DATA EXCERPT START

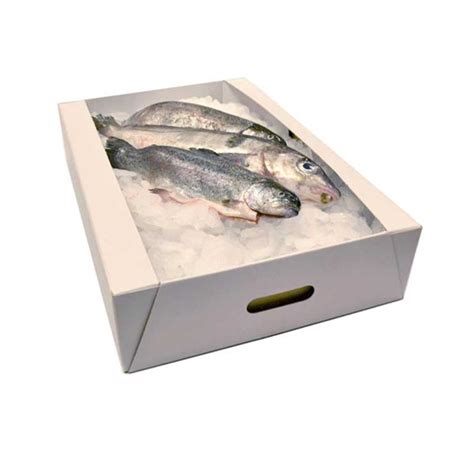 Fish Boxes Boxes Specifically For The Transportation Of Fresh Or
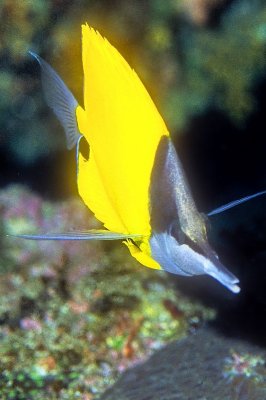 Longnose Butterflyfish 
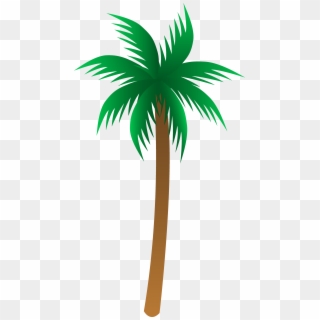 Palm Tree Png - Palm Tree Vector Png, Transparent Png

DATA EXCERPT END

What the answer needs is every line from the one with "Longnose Butterflyfish" through the last line of the data, reproduced word for word and with pictures omitted.

[WRITTEN RESPONSE]:
 Longnose Butterflyfish 
 Palm Tree Png - Palm Tree Vector Png, Transparent Png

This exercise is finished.